Second, we discuss Quill, a domain-specific language that enables developers to easily generate data-intensive augmented reality applications. We demonstrate how Quill can expedite and democratize an otherwise complex development process. Beyond requiring less programming effort, we show that Quill-generated applications can automatically include optimizations, allowing them to be more performant than applications that are not built with Quill.

Bio

Arnab Nandi is an Associate Professor of Computer Science & Engineering at The Ohio State University.

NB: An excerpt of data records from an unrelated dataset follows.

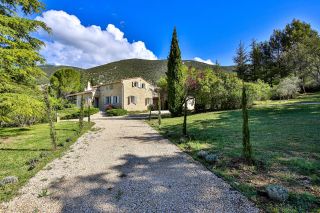 house 10 Rooms for sale on RUSTREL (84400)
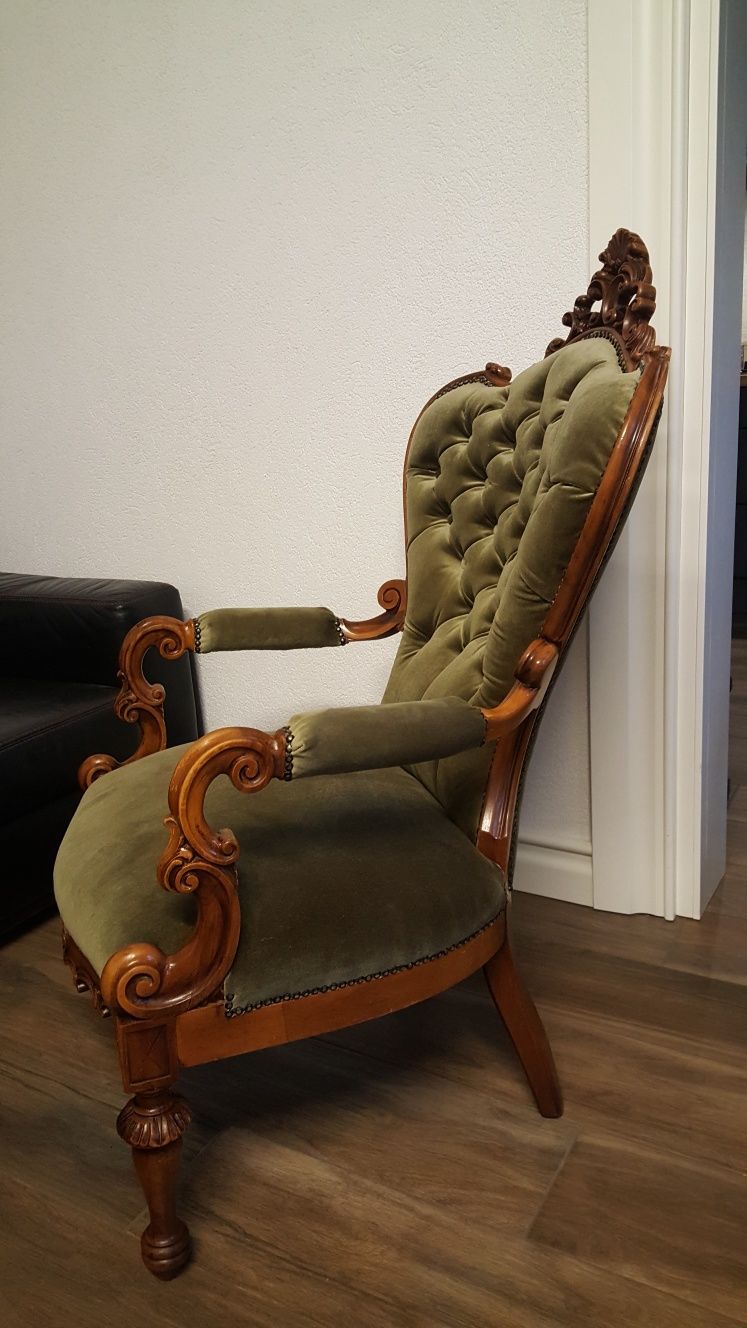 Piekny barokowy fotel po kapitalnej renowacji tapicerskiej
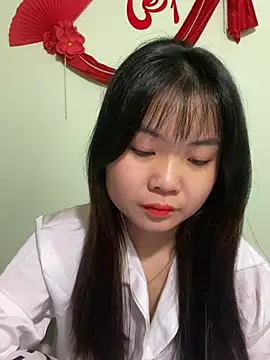 Snapshot of Maeve2k5 chatting on 03.18.25 Maeve2k5 online show from 03.18.25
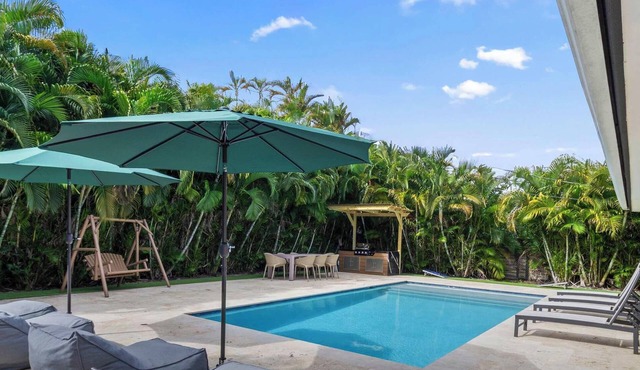 Villa Indigo | Heated Pool Pickleball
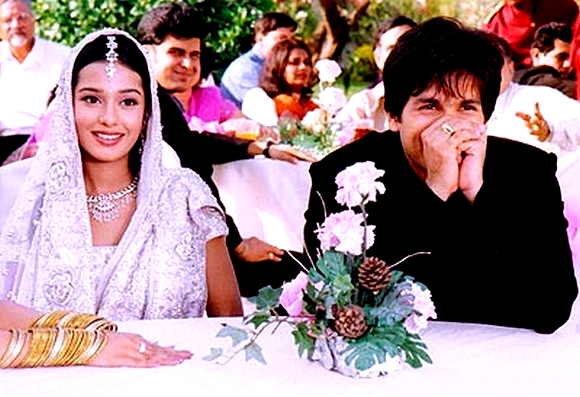 In Vivah, much in love Shahid Kapoor's and Amrita Rao's characters are introduced through their respective families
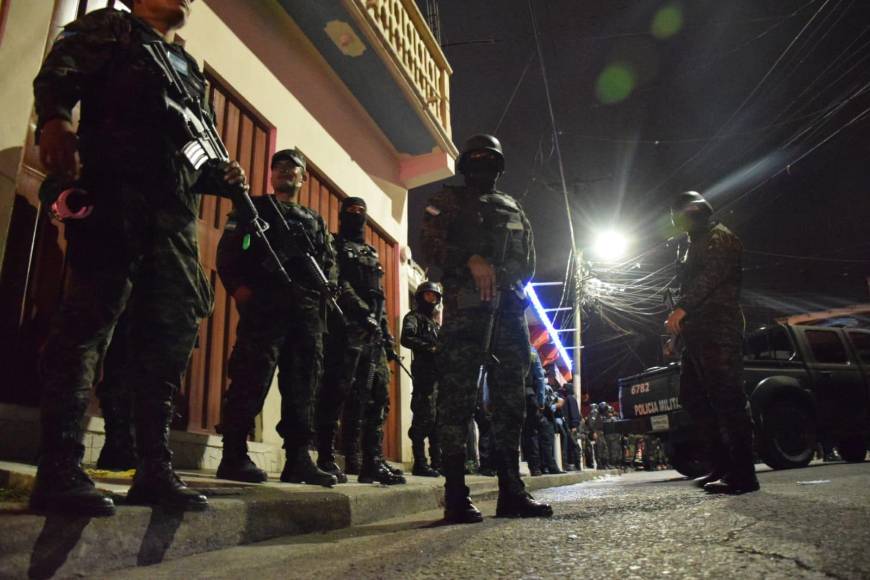 Militares en toda la zona y detenidos: así está La Peña tras el asesinato de un militar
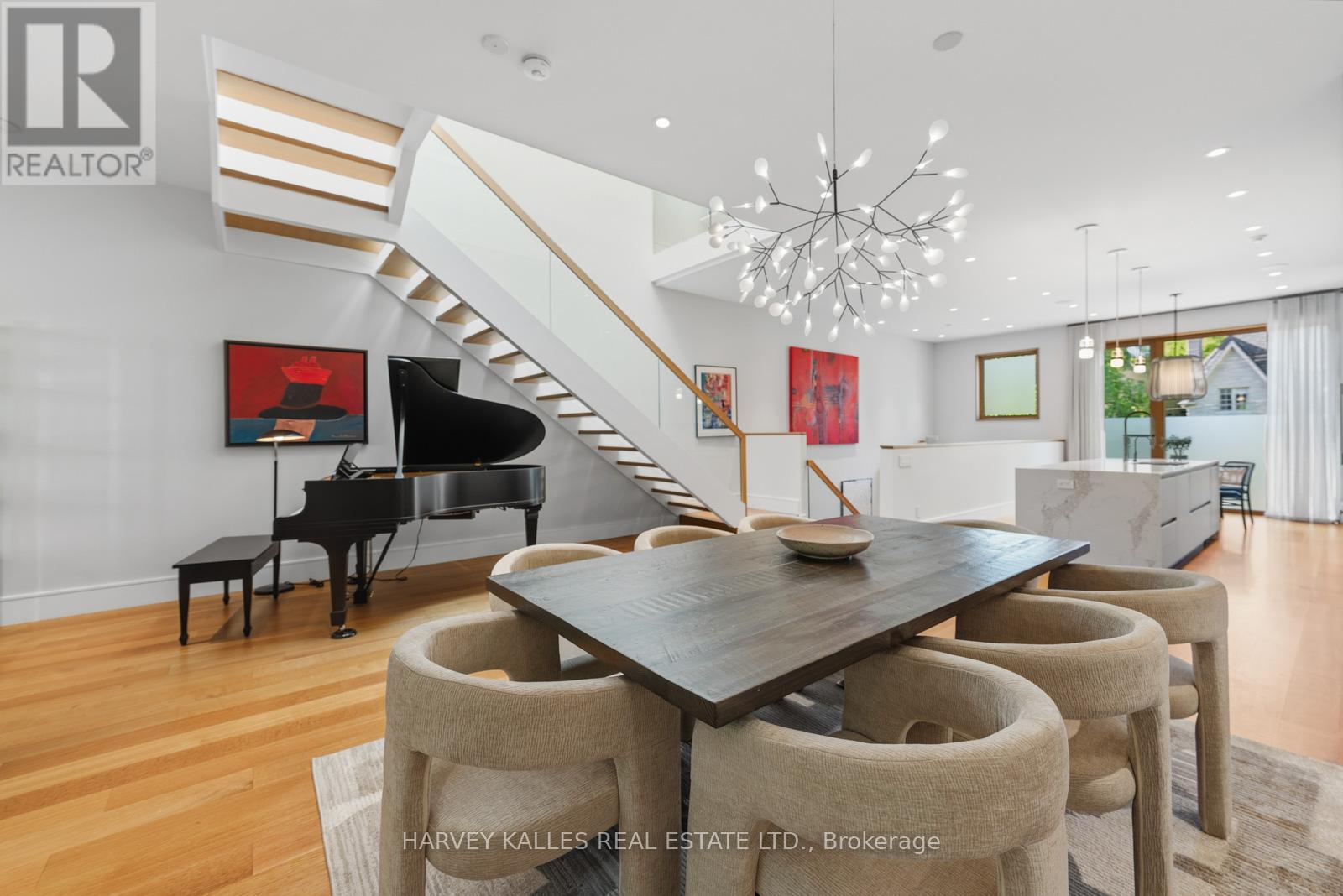 67 HEATH STREET W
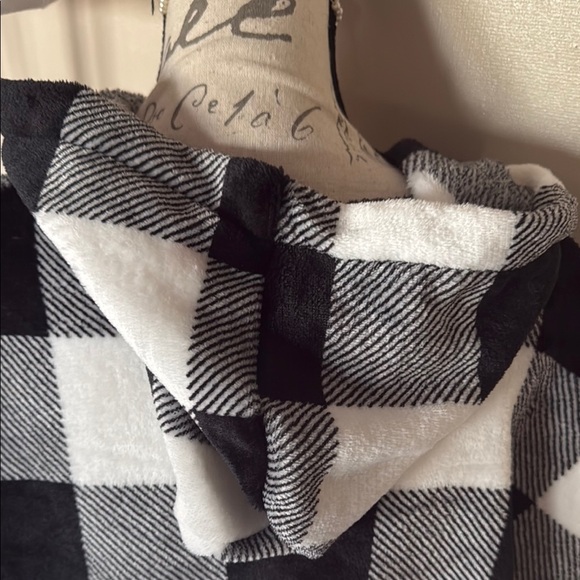 Black and White Plaid Gingham Half Button Drop Shoulder Hoodie Sweater - Picture 4 of 7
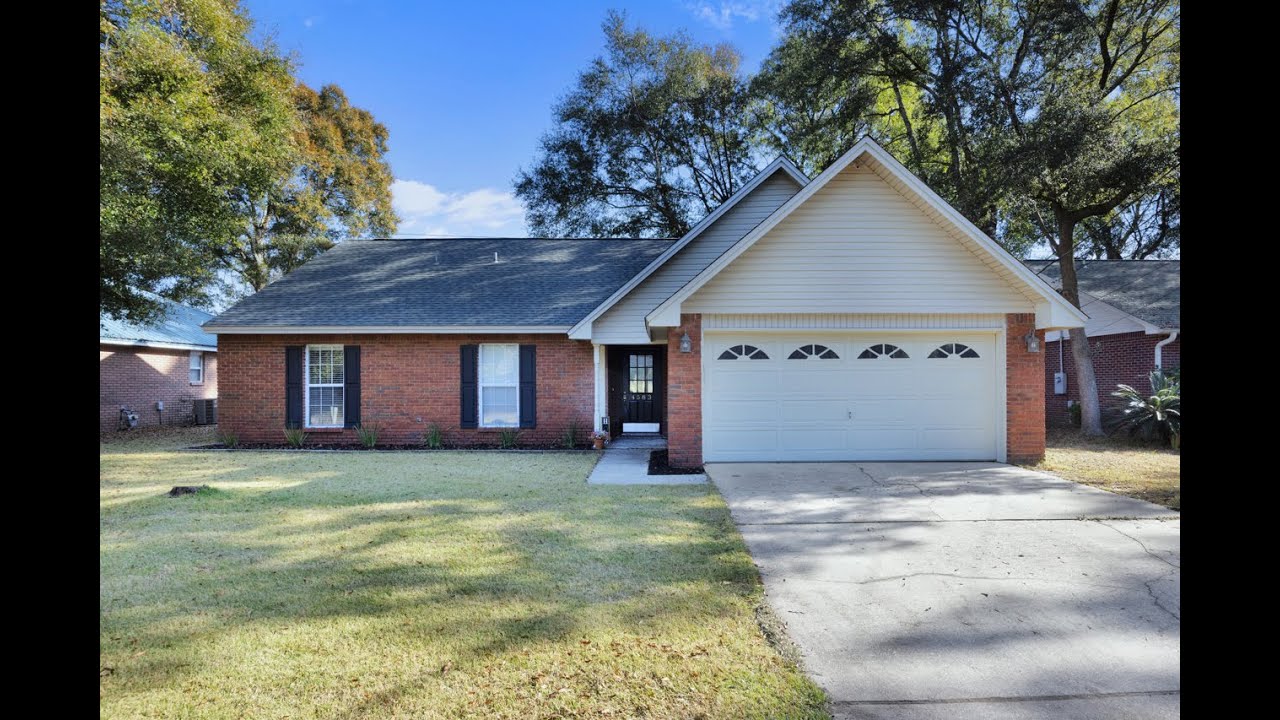 4583 Top Flight Drive, Crestview FL 32539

Arnab's work focuses on bridging data infrastructure with human interaction, spanning areas of database systems, human factors, and next-generation interfaces. Arnab is a recipient of the US National Science Foundation's CAREER Award, IEEE's TCDE Early Career Award for his contributions towards user-focused data interaction, The Ohio State University's Alumni Award for Distinguished Teaching, and the University's Early Career Innovator of the Year Award. Over the years, Arnab has served as Program Commitee member and Associate Editor for several database systems journals and conferences including SIGMOD, VLDB, ICDE, and HILDA. Most recently, Arnab served as Vice President of Data Science at Azuga Inc. (a Bridgestone company) after the acquisition of his connected vehicles analytics startup, Mobikit.

Talk by Matthias Boehm

Abstract

The trend towards data-centric AI leads to increasingly complex, composite machine learning (ML) pipelines with outer loops for data integration and cleaning, data programming and augmentation, model and feature selection, hyper-parameter tuning and cross validation, as well as data validation and ML model debugging. Interestingly, state-of-the-art techniques for data integration, cleaning, and augmentation as well as model debugging are often based on machine learning themselves, which motivates their integration into ML systems. In this talk, we make a case for optimizing compiler infrastructure in Apache SystemDS and DAPHNE as two sibling open-source ML systems. We discuss recent feature highlights and how they all fit together. The covered topics range from linear-algebra-based data cleaning pipeline enumeration and slice finding; over lineage-based reuse and workload-aware redundancy exploitation; to federated learning, vectorized execution on heterogeneous HW devices, and extensibility.

Bio

Matthias Boehm is a full professor for large-scale data engineering at Technische Universität Berlin and the BIFOLD research center. His cross-organizational research group focuses on high-level, data science-centric abstractions as well as systems and tools to execute these tasks in an efficient and scalable manner. From 2018 through 2022, Matthias was a BMK-endowed professor for data management at Graz University of Technology, Austria, and a research area manager for data management at the co-located Know-Center GmbH. Prior to joining TU Graz in 2018, he was a research staff member at IBM Research - Almaden, CA, USA, with a major focus on compilation and runtime techniques for declarative, large-scale machine learning in Apache SystemML. Matthias received his Ph.D. from Dresden University of Technology, Germany in 2011 with a dissertation on cost-based optimization of integration flows. His previous research also includes systems support for time series forecasting as well as in-memory indexing and query processing.